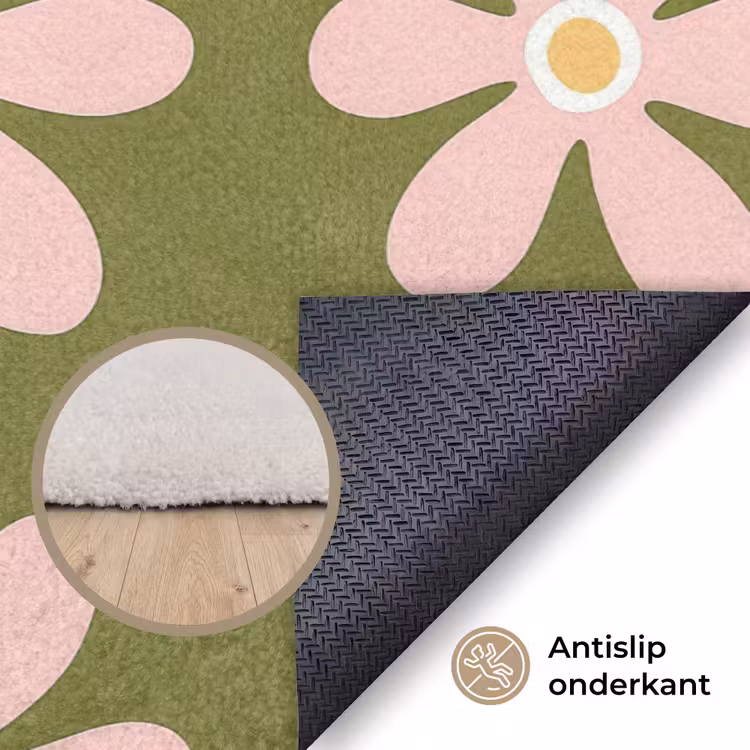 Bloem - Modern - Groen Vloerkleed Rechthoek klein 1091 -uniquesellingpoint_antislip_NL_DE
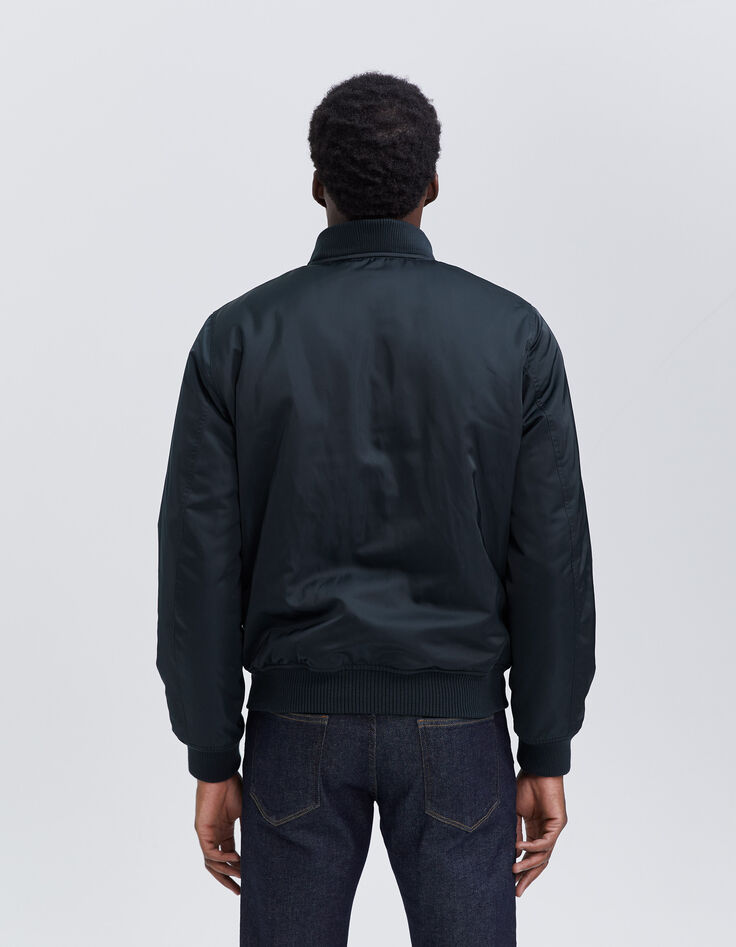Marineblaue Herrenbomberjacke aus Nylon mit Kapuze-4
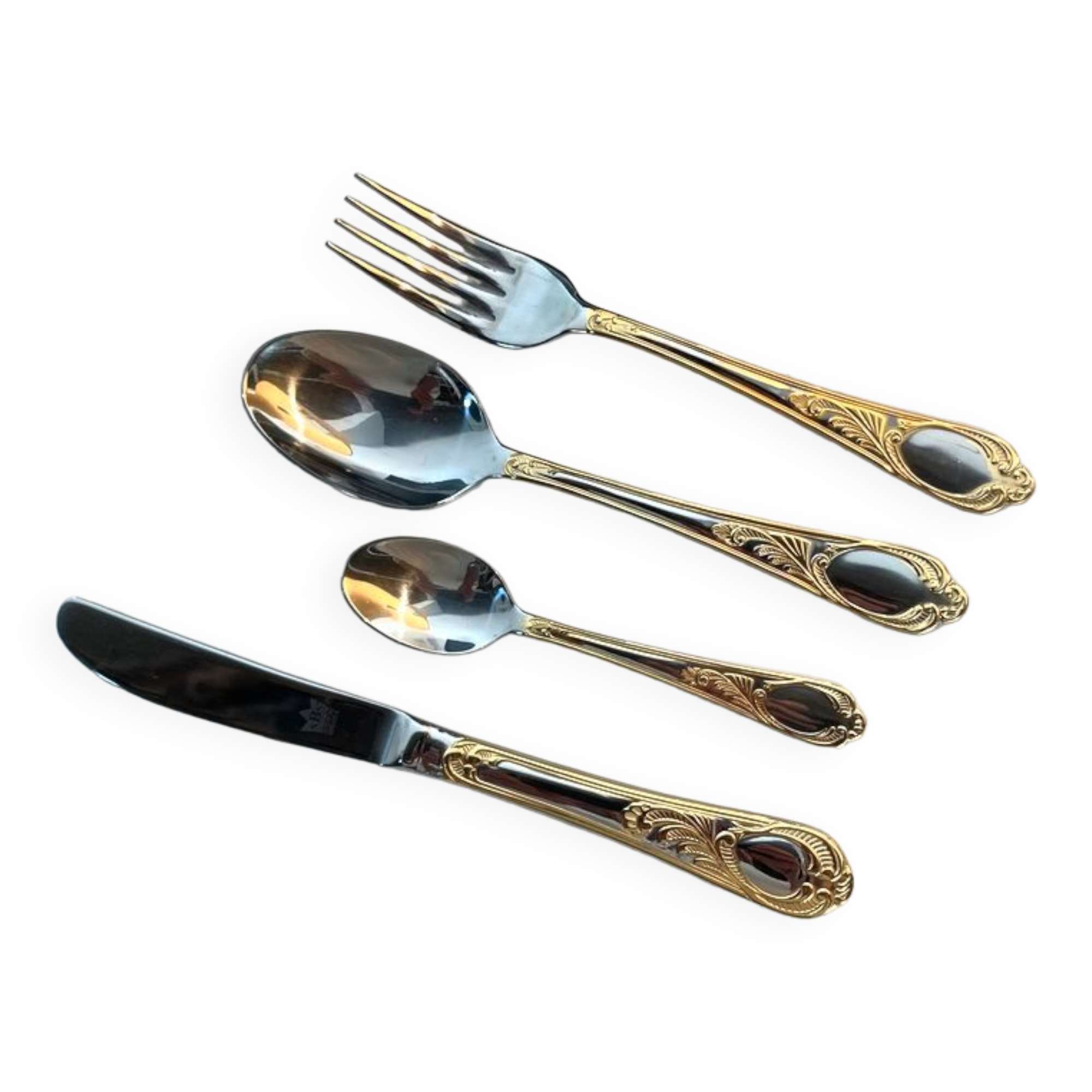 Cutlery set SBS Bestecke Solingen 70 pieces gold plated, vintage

WHAT IS EXPECTED:
Write each line exactly as it appears, from the line that holds "Marineblaue Herrenbomberjacke aus" through the closing line of the data above, and leave every picture out.

RESPONSE BELOW:
Marineblaue Herrenbomberjacke aus Nylon mit Kapuze-4
 Cutlery set SBS Bestecke Solingen 70 pieces gold plated, vintage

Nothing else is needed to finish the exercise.